### Description of the task
The answer must be an exact copy of the lines from the one containing "Chenille Fabric Upholstered" through the last line of the records, with the pictures left out.

### Data for the task
*** Block opens ***
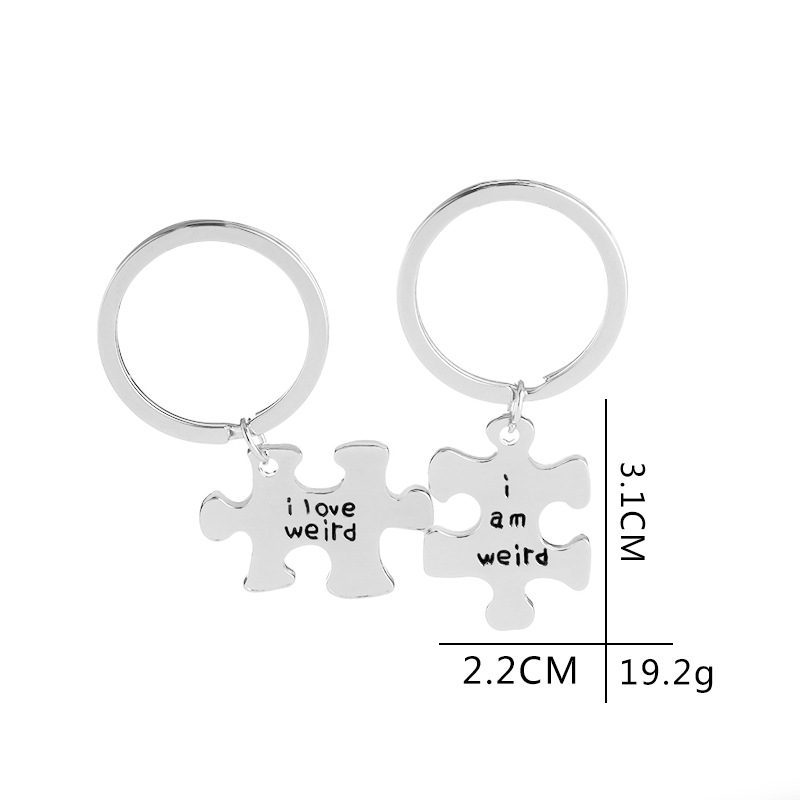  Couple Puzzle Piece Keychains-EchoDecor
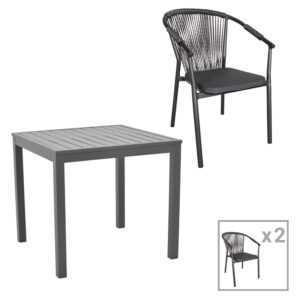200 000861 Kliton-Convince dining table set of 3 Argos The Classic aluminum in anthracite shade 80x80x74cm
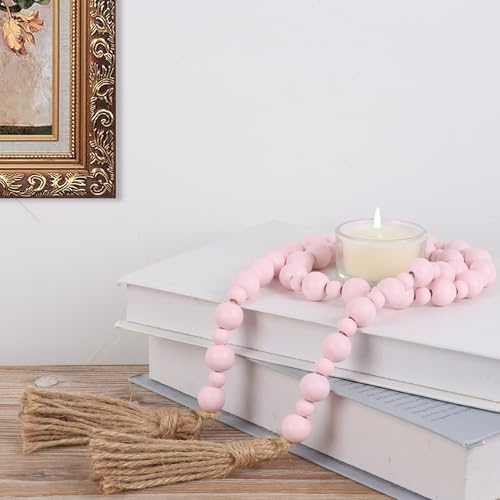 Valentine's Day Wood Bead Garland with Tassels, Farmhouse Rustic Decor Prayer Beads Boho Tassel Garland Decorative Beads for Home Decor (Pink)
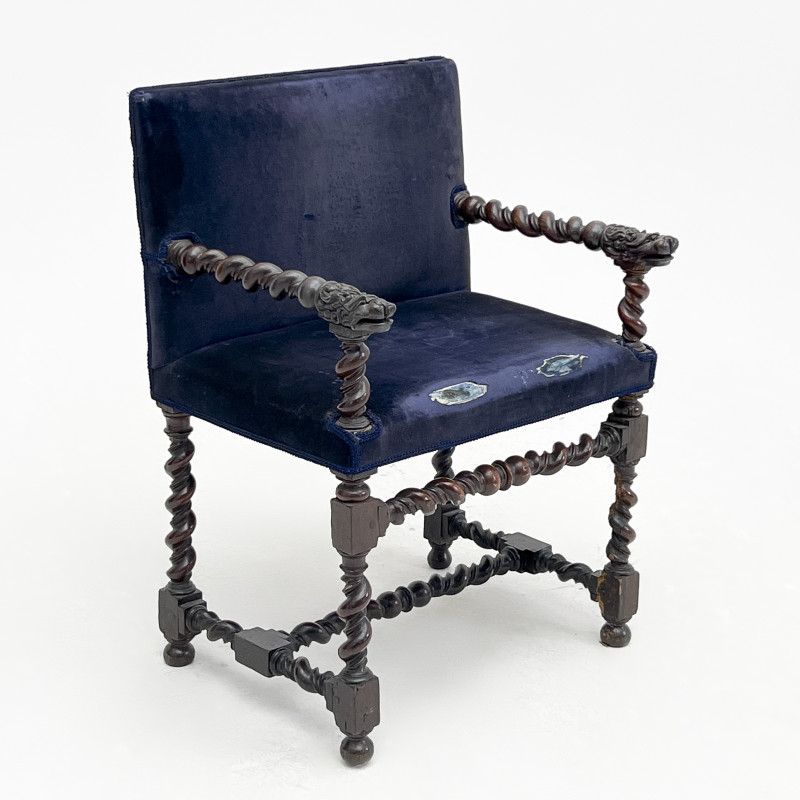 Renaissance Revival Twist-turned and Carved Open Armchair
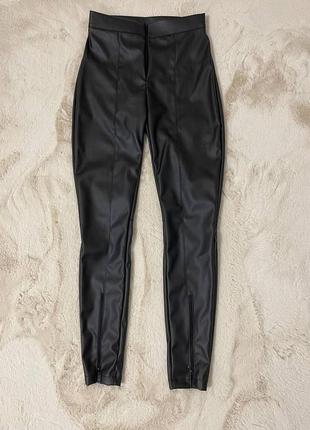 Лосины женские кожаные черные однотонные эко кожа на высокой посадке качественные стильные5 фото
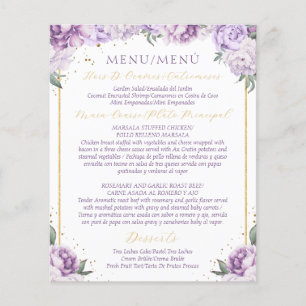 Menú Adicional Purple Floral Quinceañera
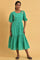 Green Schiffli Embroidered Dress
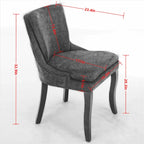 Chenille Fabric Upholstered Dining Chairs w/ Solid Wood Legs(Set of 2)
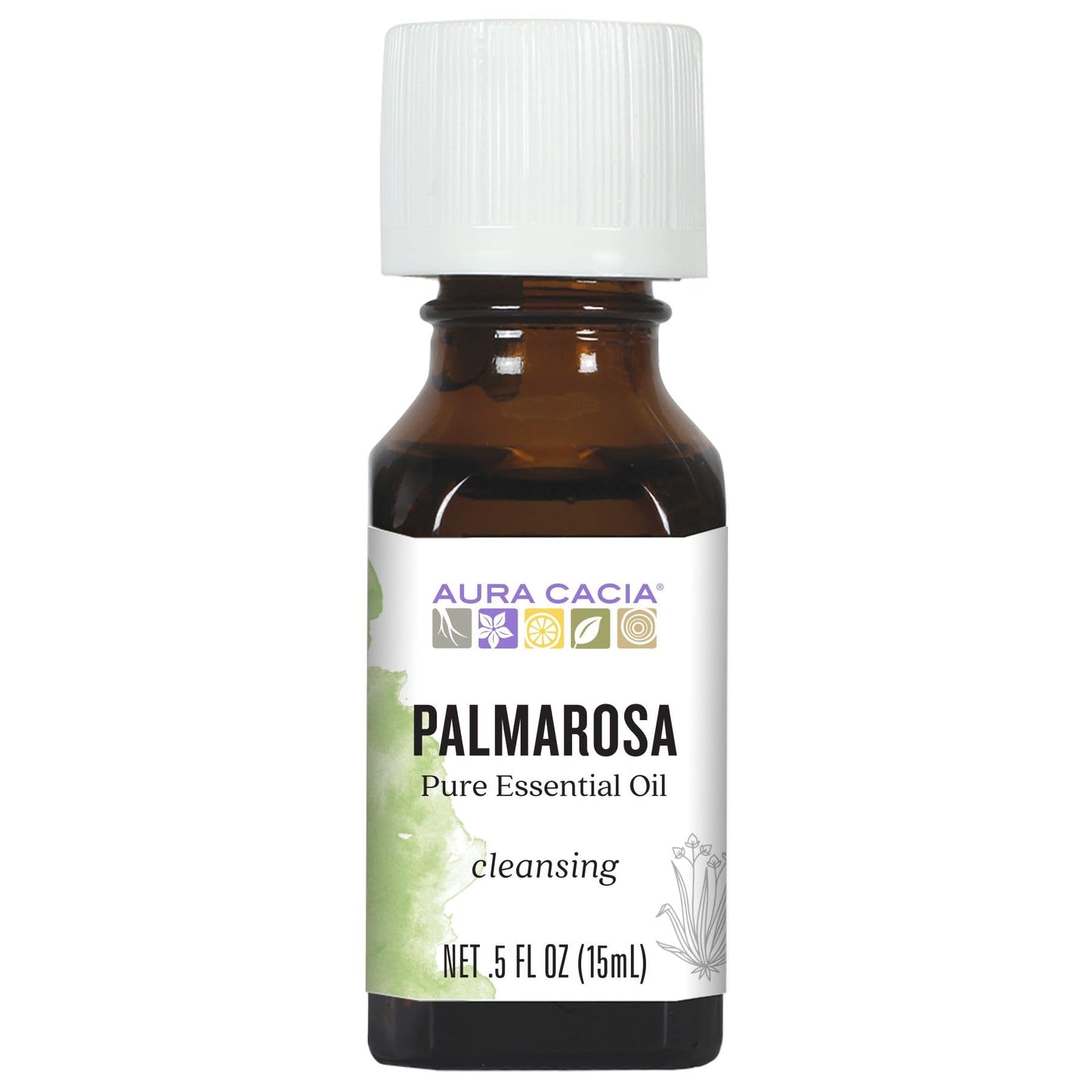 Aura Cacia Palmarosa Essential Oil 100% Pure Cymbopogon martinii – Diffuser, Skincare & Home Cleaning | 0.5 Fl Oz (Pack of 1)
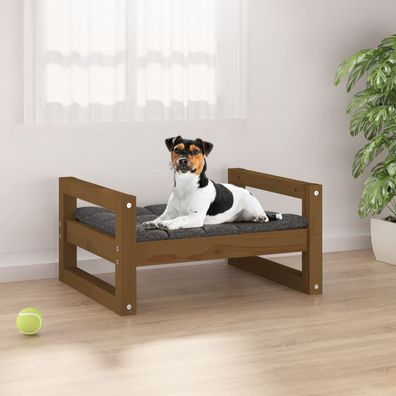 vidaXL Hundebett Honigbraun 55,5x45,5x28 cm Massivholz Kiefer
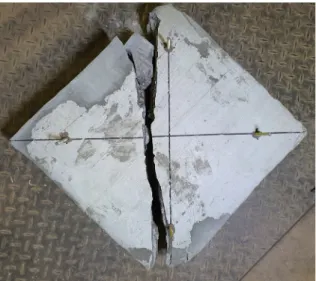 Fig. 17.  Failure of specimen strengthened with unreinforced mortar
*** Block closes ***
### Answer section
 Chenille Fabric Upholstered Dining Chairs w/ Solid Wood Legs(Set of 2)
 Aura Cacia Palmarosa Essential Oil 100% Pure Cymbopogon martinii – Diffuser, Skincare & Home Cleaning | 0.5 Fl Oz (Pack of 1)
 vidaXL Hundebett Honigbraun 55,5x45,5x28 cm Massivholz Kiefer
 Fig. 17.  Failure of specimen strengthened with unreinforced mortar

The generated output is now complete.